24 Mai 2016, 10:43am

Publié par Zazimutine

Vis ma vie de star à Cannes

 

D'accord, le festival est terminé, je ne suis pas un star, et je vis en Bretagne, mais.... avec un peu d'imagination...

6h30: mon réveil sonne, je l'éteins en soupirant; bigre, mes draps en satin sont drôlement rêches ce matin!

6h45: mon majordome m'apporte mon café au lit; je le trouve drôlement familier aujourd'hui, il m'a embrassée!

7h: j'enfile mon gilet en pilou déshabillé en soie et descends déjeuner; impossible de remettre la main sur mes mules en peau de renard argenté, tant pis;

7h02: le petit-déjeuner n'est pas prêt: pas de croissants, pas d'oeufs brouillés, pas de caviar, rien! Et je crois entendre le majordome prendre une douche dans MA salle de bains, je rêve! Le Hilton n'est plus ce que c'était! La mort dans l'âme, je me décide à me servir moi-même, je monte le tapis rouge à 9h, s’agirait pas que j'arrive en retard!

7h15: je file prendre ma douche;

7h30: à peine sortie de la douche, je vois passer dans le couloir deux femmes de chambre lilliputiennes, à vue de nez je dirais, respectivement 1m20 et 1m27; leur tenue de travail ressemble à s'y méprendre à un pyjama, l'hôtellerie de luxe est en crise décidément! Bref. Je décide de rester zen ce matin, s'agirait pas d'augmenter ma ride du lion avant l'épreuve des photographes!

7h40: après m'être généreusement aspergée de parfum et enduite de gel-corps pailleté (pour les photos), je file dans mon dressing enfiler ma robe de soirée et mes escarpins.
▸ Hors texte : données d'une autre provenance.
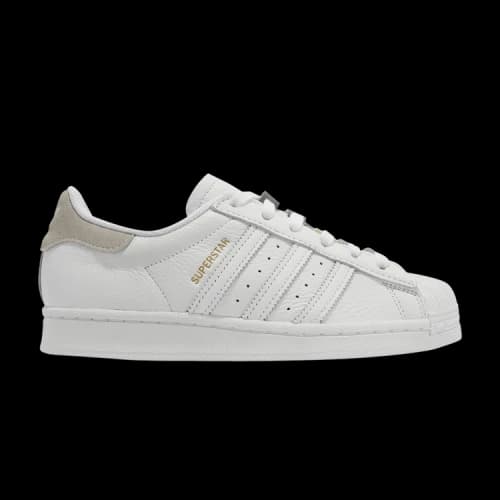 adidas Superstar 'Cloud White' (Women's)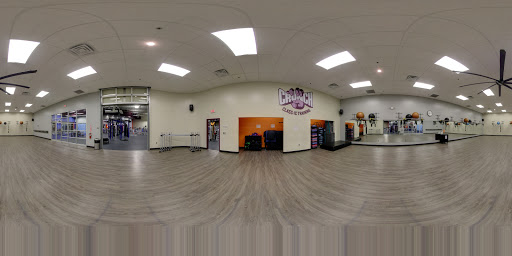 Health Club «Crunch - Garwood», reviews and photos, 300 South Ave, Garwood, NJ 07027, USA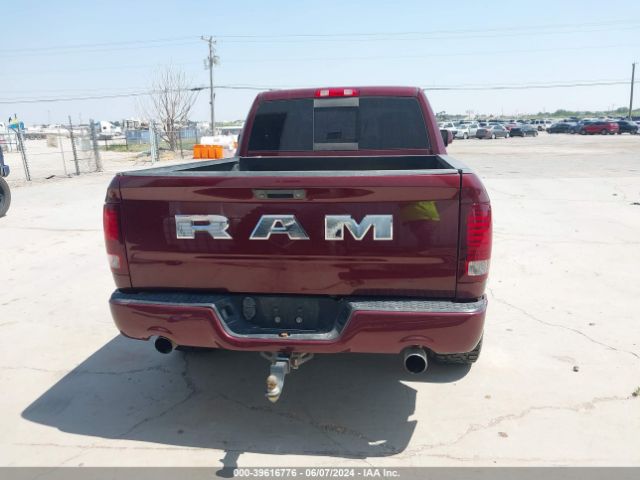 3C6JR6CT0GG188423 RAM 1500 Sport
Premier constat: mon dressing ressemble à un placard. Deuxième constat: je ne vois aucune robe de soirée; je décide finalement de mettre le bustier et le pantalon en satin mis pour le mariage de M. en 2007. Il y a presque 10 ans. Je refoule les pensées qui me viennent selon lesquelles j'aurais pris quelques kilos depuis mes grossesses. Je suis une star, je remets mon jean taille 36, une semaine après avoir accouché, point.

7h45: nuls escarpins dans mon dressing; je tombe sur la seule paire de chaussures à talons que je possède: des sandales bronzes, compensées, mises au mariage (encore!) d'un cousin en... 1999. Je savais que j'avais raison de les garder!

7h50: je file me maquiller. Les deux soubrettes entraperçues tout à l'heure viennent m'ennuyer à la salle de bains, me demandant de les aider à s'habiller "What's the fuck?? S'agirait pas d’inverser les rôles, petites demoiselles" que je leur réponds (et toc!).

8h05: je suis maquillée comme une voiture volée; je me précipite vers mon coffre à bijoux. Je superpose les colliers et les bracelets que j'ai fort discrets, pour plus de volume. Je finalise le tout en plantant, dans ma chevelure de reine, un petit peigne en plastique brillant gagné à une pêche aux canards (dans une autre vie).

8h10: je pars. Devant chez moi, je surprends trois paparazzi (2 chats et un merle); j'attends ma limousine.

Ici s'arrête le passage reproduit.